Tiny Arkansas redshirt freshman Michael Smith, who looks more Tom Thumb than Danny DeVito, rested himself on top of the grassy carpet of the practice field, located about a 40-yard dash away from Reynolds Razorback Stadium.


Practice had just wrapped up and Smith, a speedy 5-foot-7, 170-pound tailback, was resting his injured right hamstring.

Unfortunately for Smith, sitting out has become an unwanted habit.
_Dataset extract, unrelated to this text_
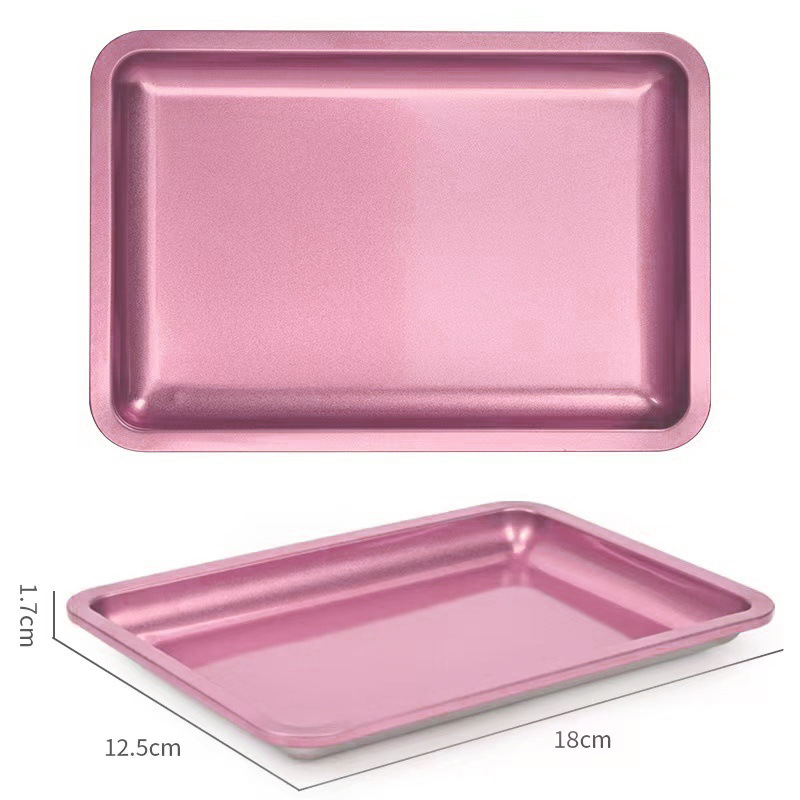 Bandeja de joyería de acero inoxidable, bandeja de almacenamiento de herramientas de escritorio para uñas, bandeja de metal, variedad al por mayor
In 2005, Smith didn't play in large part because he was nursing an injured left hamstring.

Life as a redshirt can be annoying, or it can be rewarding.

Arkansas coach Houston Nutt doesn't cherish the thought of telling players they probably won't play during the season.

"It's about the toughest job there is," Nutt said. "They all want to play, and then when they don't play and they go to that scout team, they feel like ‘I'm a failure right now.'"

"That's not true.

"A lot of great All-Americans have been on scout teams. It's really tough. A lot of growth, the maturity level, it's going to help you win."

True freshman Andrew Norman, a highly touted wide receiver from Springdale, knows he'll probably wear a redshirt this fall.

So, how tough is it to have the mindset that you likely must wait a year to play?

"It is hard sometimes," Norman said. "It's hard to lay off football for a year, knowing you're not going to play any games and stuff. But you've got to make some of these practices your games and look at getting the defense better for the games.

"So, I'm trying to look at all the positive ways I can right now."

Smith, who said he's about "70 percent" healthy right now, admitted he didn't like the idea of redshirting last year, but knew it was necessary.

"You know, it was extremely tough, but you grow from it, you learn from it," Smith said. "You realize, I wasn't the first person to go through it, I won't be the last person to go through it. A lot of people come out and have been better for it.

"I'm just a stronger person from it."

Redshirting players used to be in vogue, but not any more.

"In the '70s, maybe the early '80s, I think that was true," Nutt said. "But, I think it's different now, it's a numbers game."

Because of limited scholarships?


"I think now, if they can help you play right now, you're going to have to play them."